KxSystems / rkdb

R client for kdb+
https://code.kx.com/q/interfaces
Apache License 2.0
41 stars 29 forks source link

Tables with column type C create data.frames with List columns #3

Closed gerrymanoim closed 7 years ago

gerrymanoim commented 7 years ago

I'm unclear whether this is the expected behavior or not, but it wasn't what I expected to get back in R.

In q:

q)meta tt
c        | t f a
---------| -----
sym      | s
AvgPx    | j   s
stringSym| C
> library(rkdb)
> qcon <- rkdb::open_connection(port=6660)
> tt <- rkdb::execute(qcon, "tt")
> str(tt)
'data.frame':   5 obs. of  3 variables:
 $ sym      : chr  "A" "B" "C" "D" ...
 $ AvgPx    : num  10 20 30 40 50
 $ stringSym:List of 5
  ..$ : chr "A"
  ..$ : chr "B"
  ..$ : chr "C"
  ..$ : chr "D"
  ..$ : chr "E"

As opposed what I expected:

> tt$stringSym <- unlist(tt$stringSym)
> str(tt)
'data.frame':   5 obs. of  3 variables:
 $ sym      : chr  "A" "B" "C" "D" ...
 $ AvgPx    : num  10 20 30 40 50
 $ stringSym: chr  "A" "B" "C" "D" ...
sv commented 7 years ago

It is expected and consistent with other interfaces to kdb+. stringSym is a char array(not a symbol) that is why it gets represented as a vector of char arrays. There is a duality between the two. Would you expect all char arrays to be converted to plain R strings?

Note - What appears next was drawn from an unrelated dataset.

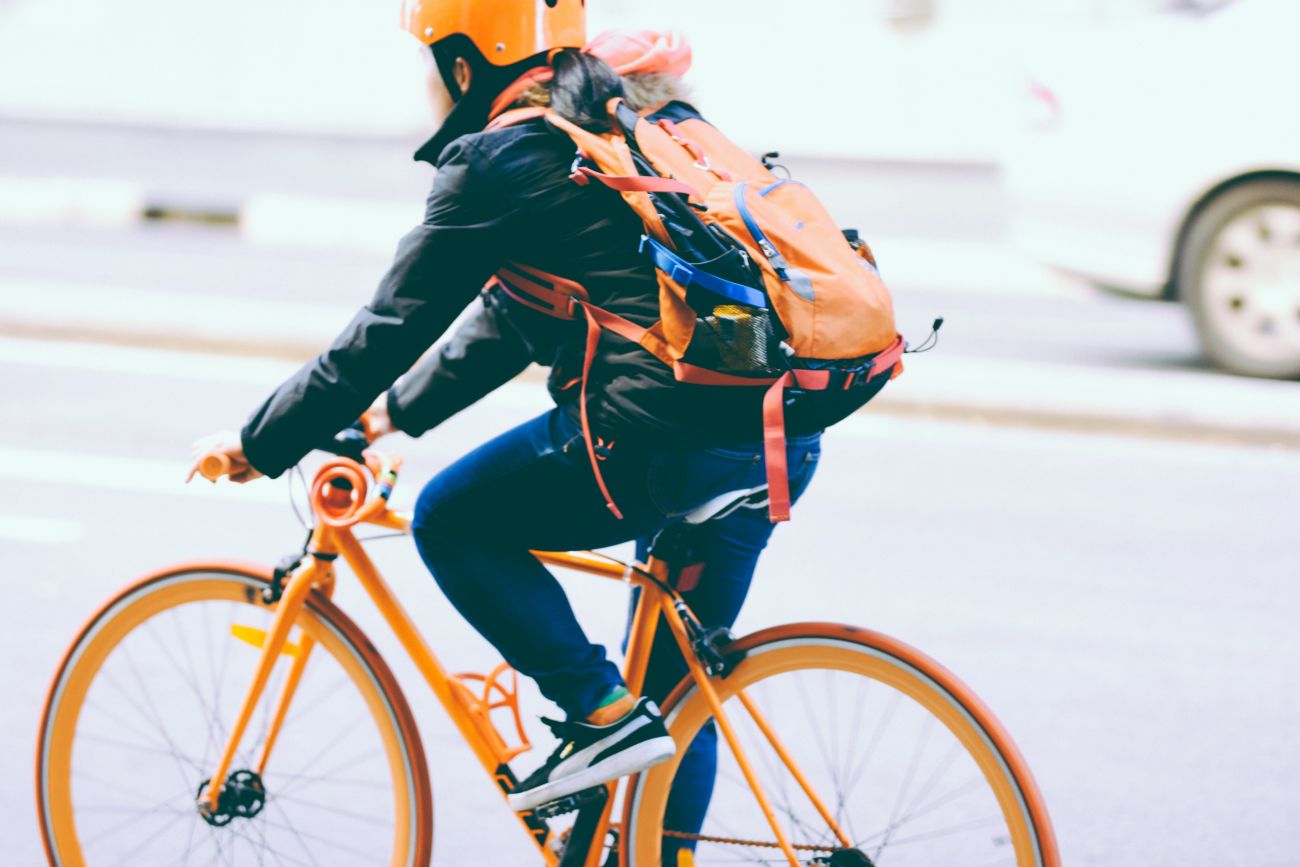 Bike commuter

gerrymanoim commented 7 years ago

I agree that there's a duality between the two in q, but because R has strings, I would expect char arrays to be converted to R strings. If there are multiple char arrays in each row, then I would expect a list type (with multiple elements in each list item).

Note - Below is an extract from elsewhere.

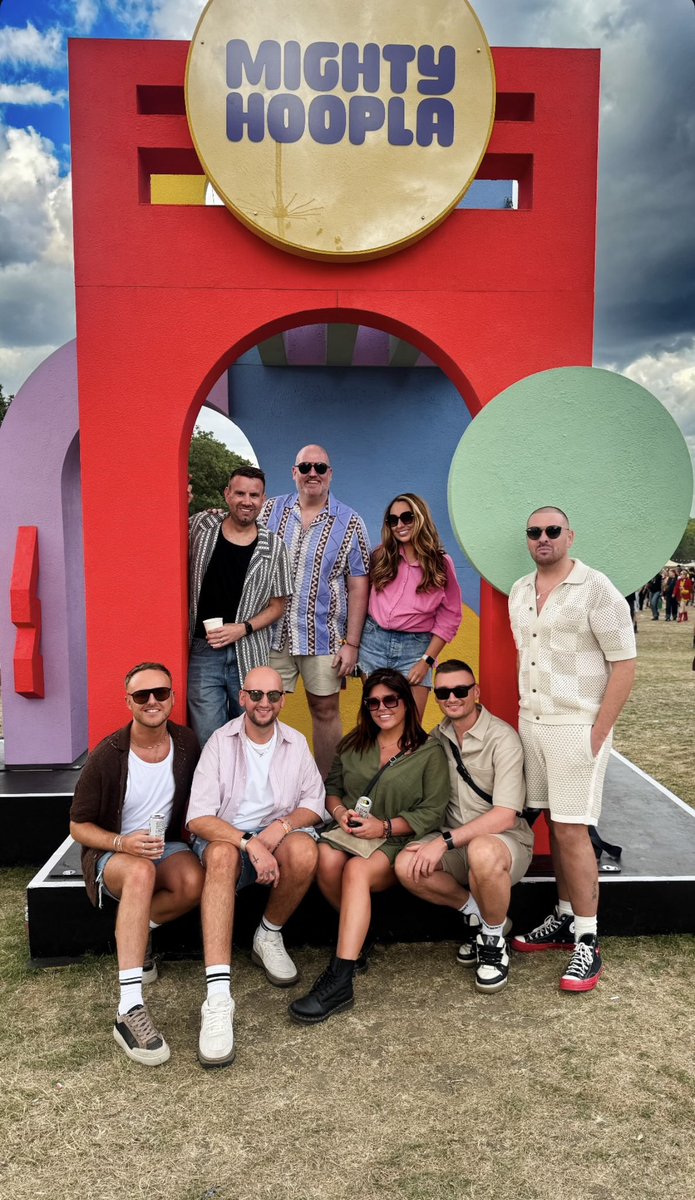 Hooooopla 🪩🏳️‍🌈🥂🩵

I disagree that it is consistent with other interfaces to kdb+. Take the json interface for example:

q).j.j tt
"[{\"sym\":\"A\",\"AvgPx\":10,\"stringSym\":\"A\"},\n {\"sym\":\"B\",\"AvgPx\..
q)ttjson:.j.j tt
q)f:{.h.hy[`json;ttjson]}
q)ttjson
"[{\"sym\":\"A\",\"AvgPx\":10,\"stringSym\":\"A\"},\n {\"sym\":\"B\",\"AvgPx\..
q).z.ph:f

Which in R is converted the way I expect:

> r <- httr::GET(url = "localhost:6660/?ttjson" )
> ttjson <- httr::content(r,as = "text",type = "application/json")
> ttjson <- jsonlite::fromJSON(ttjson)
> str(ttjson)
'data.frame':   5 obs. of  3 variables:
 $ sym      : chr  "A" "B" "C" "D" ...
 $ AvgPx    : int  10 20 30 40 50
 $ stringSym: chr  "A" "B" "C" "D" ...

I believe a similar thing is true if I save this to csv (and then load) or use the python integration.

sv commented 7 years ago

I was talking about java and c# interfaces. Makes sense to convert to strings - i will give it a go and update here

sv commented 7 years ago

Could you try https://github.com/sv/rkdb and see if that works for you? should be able to install via devtools::install_github('sv/rkdb')

gerrymanoim commented 7 years ago

That's perfect, thanks!